I had come to London and Oxfam had messaged me informing he was visiting and that he wanted to meet up and potentially travel together around Europe. I vetoed this plan immediately but gave him dates when I would be in London. He didn’t respond to that or the follow up messages and then got really mad when he texted on his last two days in London and I couldn’t meet up because I already had plans. I managed to rearrange some things and asked him if dinner suited but was greeted with the same passive-aggressiveness. Where.Was.The.Fucking.Torch. I ended up meeting with him for dinner so ready to tell him that this would be the last time he would have to put up with me since I was clearly so aggravating, but instead I had dinner with someone who had gone through a pretty tough 3 weeks travelling alone (something I can certainly relate to) who was just desperate to see a familiar face. I felt sorry, but was still upset so was completely honest about everything and told him what was on my mind, and particularly that he had to readjust his mindset about our friendship particularly because we would not be in the same location for 2 years. He took it better than I thought he would, and I suppose I was glad that I didn’t have to tell someone I didn’t want to be friends with them any more – that would never be a pleasant thing to hear.

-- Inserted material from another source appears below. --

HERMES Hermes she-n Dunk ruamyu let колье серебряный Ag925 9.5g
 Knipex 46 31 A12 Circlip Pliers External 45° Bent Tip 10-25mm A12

I wish I could say things were instantly healed after this, but they weren’t. There’s still the passive-aggressiveness and I still get the same sense of frustration trying to organise things with Oxfam but at least I can enjoy the time when we eventually do end up in the same space. In my bid to become less of a person-pleaser I think I forgot that there are levels of friendship, and just because someone isn’t your best friend, it doesn’t then mean that they’re a nemesis – it just means that you’re not as close as two friends could be, for now.